De Duve Institute

Protein Folding in Bacteria



Group Leader
Jean-François Collet

Contact
Jean-François Collet
de Duve Institute and Université catholique de Louvain
BCHM-GRM - B1.75.08, Avenue Hippocrate 75,
B-1200 Brussels
phone: 32 (0)2 764 75 62
fax: 32 (0)2 764 74 98
e-mail: Jean-François Collet


Group members >

Our lab is part of The Brussels Center For Redox Biology. The center results from a collaboration between our group and the group of Joris Messens at the Flanders Institute for Biotechnology (VIB, Vrije Universiteit Brussel). Both groups are in Brussels, located 10 minutes apart from each other. The Center benefits from a combined expertise in biochemistry, structural biology and microbiology. We investigate proteins that are involved in thiol-based catalysis mechanisms and oxidative protein folding. We address questions regarding the specificity and promiscuity of the thioredoxin-fold.



Research topics

To be active and stable, newly synthesized proteins have to fold correctly. However, reaching a proper three-dimensional structure is a real challenge. This is especially true for proteins that are secreted to the cell envelope of Gram-negative bacteria.
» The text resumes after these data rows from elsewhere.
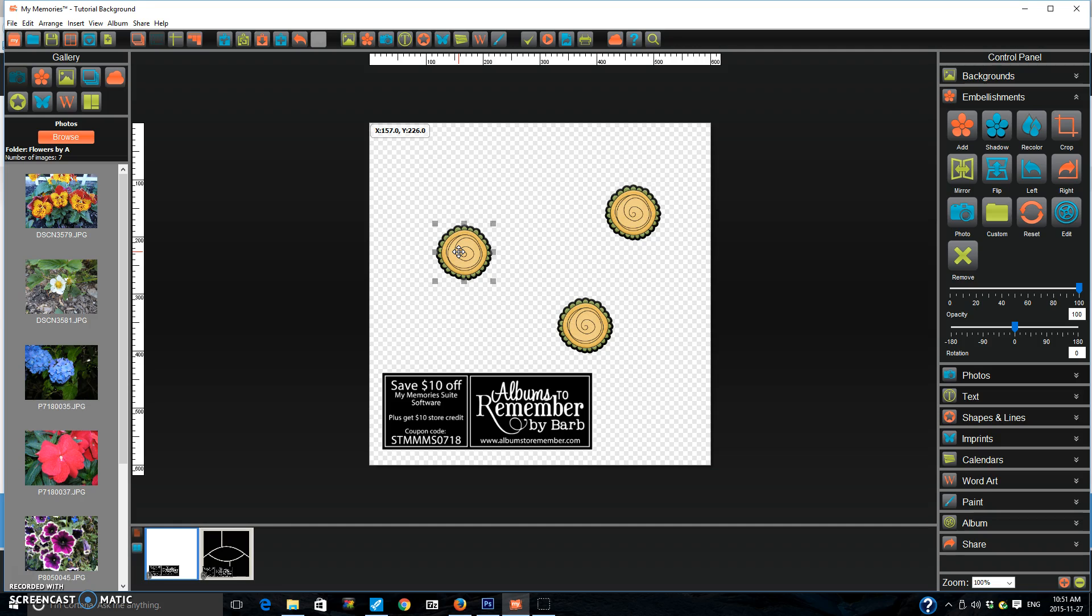The next thing that I am going to show you is that some of you have probably noticed that you can now add photos to PNG shapes. I love this feature.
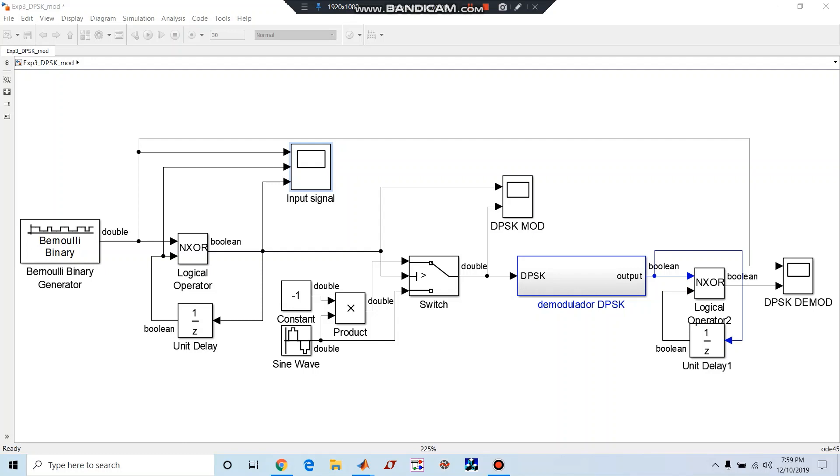Hi guys, in this Simulink screencast, I am going to discuss DPSK modulation and demodulation, that is differential phase shift keying modulation and demodulation.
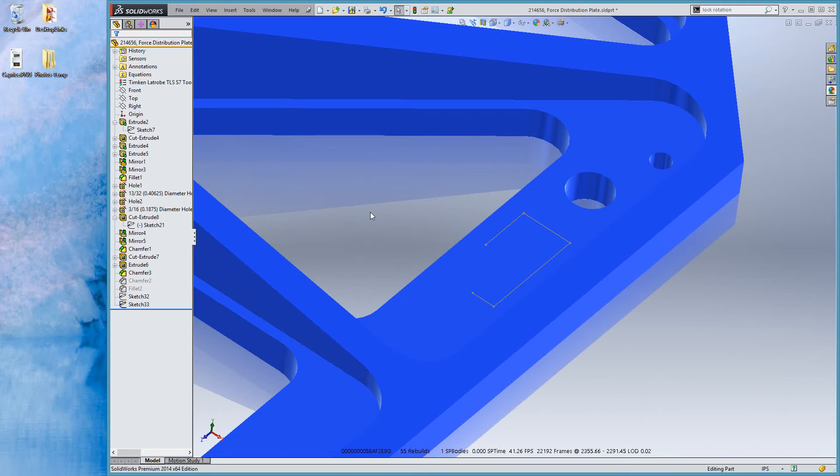Hello, this is Charles Culp with SWTuts, and I'm going to be talking here briefly about conic sections and what was added to SolidWorks 2014.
These proteins are assembled in the cytoplasm, are then transported across the inner-membrane and finally fold within the periplasm or the outer-membrane, in an environment devoid of any obvious energy source. Moreover, the correct folding of many of these proteins requires the formation of a disulfide bond between two cysteine residues, which is a rate-limiting step of the folding process.

Failure to fold secreted proteins properly will affect the integrity of the bacterial cell envelope, which will increase the sensitivity of bacteria to antimicrobial drugs.

In our lab, we study the pathways that govern disulfide bond formation in the periplasm of Escherichia coli and the assembling of the bacterial outer-membrane.